§ WHAT THIS TASK INVOLVES: Would you retype all of these records exactly?

§ RECORDS FOR THE EXERCISE:
# # # #

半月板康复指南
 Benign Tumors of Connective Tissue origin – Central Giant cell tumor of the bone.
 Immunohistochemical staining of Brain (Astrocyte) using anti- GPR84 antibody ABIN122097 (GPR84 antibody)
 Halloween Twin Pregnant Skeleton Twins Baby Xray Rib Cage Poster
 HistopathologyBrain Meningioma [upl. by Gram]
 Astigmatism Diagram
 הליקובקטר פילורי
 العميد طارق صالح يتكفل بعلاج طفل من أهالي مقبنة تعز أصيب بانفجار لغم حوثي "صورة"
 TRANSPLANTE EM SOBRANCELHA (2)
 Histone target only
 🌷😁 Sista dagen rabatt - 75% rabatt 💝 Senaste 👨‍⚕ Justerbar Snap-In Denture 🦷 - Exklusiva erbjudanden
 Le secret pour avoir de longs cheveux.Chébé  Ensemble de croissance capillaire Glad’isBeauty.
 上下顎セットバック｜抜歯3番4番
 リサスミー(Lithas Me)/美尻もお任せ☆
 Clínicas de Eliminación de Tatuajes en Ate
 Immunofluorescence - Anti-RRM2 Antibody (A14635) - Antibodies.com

# # # #

§ ANSWER SPACE:
半月板康复指南
 Benign Tumors of Connective Tissue origin – Central Giant cell tumor of the bone.
 Immunohistochemical staining of Brain (Astrocyte) using anti- GPR84 antibody ABIN122097 (GPR84 antibody)
 Halloween Twin Pregnant Skeleton Twins Baby Xray Rib Cage Poster
 HistopathologyBrain Meningioma [upl. by Gram]
 Astigmatism Diagram
 הליקובקטר פילורי
 العميد طارق صالح يتكفل بعلاج طفل من أهالي مقبنة تعز أصيب بانفجار لغم حوثي "صورة"
 TRANSPLANTE EM SOBRANCELHA (2)
 Histone target only
 🌷😁 Sista dagen rabatt - 75% rabatt 💝 Senaste 👨‍⚕ Justerbar Snap-In Denture 🦷 - Exklusiva erbjudanden
 Le secret pour avoir de longs cheveux.Chébé  Ensemble de croissance capillaire Glad’isBeauty.
 上下顎セットバック｜抜歯3番4番
 リサスミー(Lithas Me)/美尻もお任せ☆
 Clínicas de Eliminación de Tatuajes en Ate
 Immunofluorescence - Anti-RRM2 Antibody (A14635) - Antibodies.com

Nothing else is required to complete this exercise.